→ **Dataset extract**
# # # # # # #

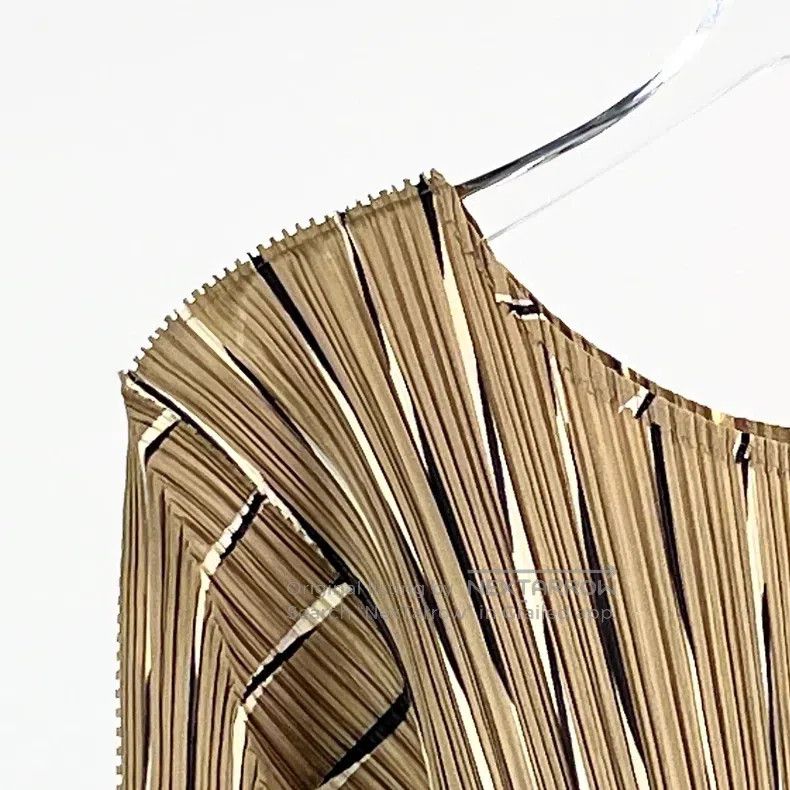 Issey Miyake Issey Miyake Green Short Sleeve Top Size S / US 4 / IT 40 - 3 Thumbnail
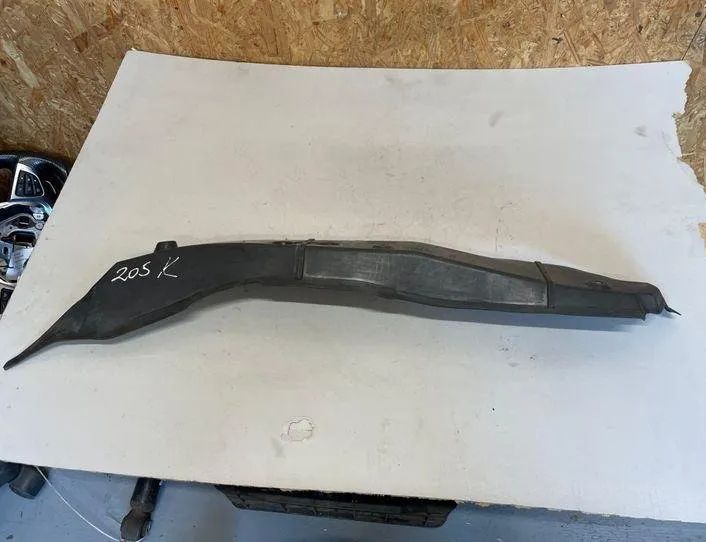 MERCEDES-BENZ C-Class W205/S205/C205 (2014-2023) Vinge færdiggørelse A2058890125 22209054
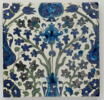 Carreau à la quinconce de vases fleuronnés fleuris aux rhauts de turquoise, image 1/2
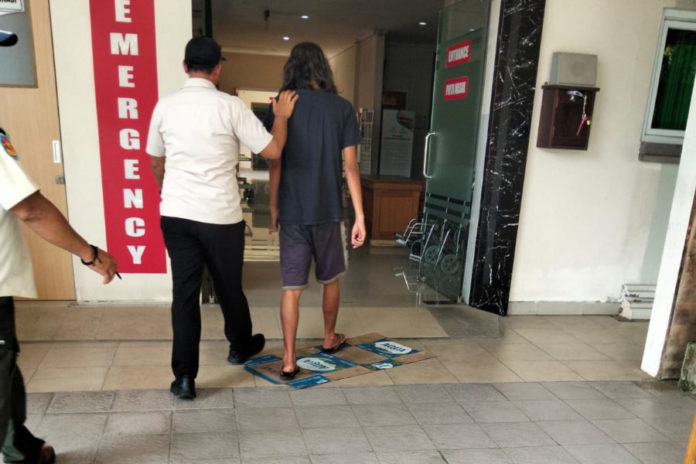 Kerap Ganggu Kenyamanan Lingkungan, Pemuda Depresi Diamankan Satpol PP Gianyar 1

# # # # # # #

In the listing above, retype exactly, and only, the lines from the one containing "MERCEDES-BENZ C-Class W205/S205/C205" through the last line, both included. Omit the pictures.

→ **Response to this task**
 MERCEDES-BENZ C-Class W205/S205/C205 (2014-2023) Vinge færdiggørelse A2058890125 22209054
 Carreau à la quinconce de vases fleuronnés fleuris aux rhauts de turquoise, image 1/2
 Kerap Ganggu Kenyamanan Lingkungan, Pemuda Depresi Diamankan Satpol PP Gianyar 1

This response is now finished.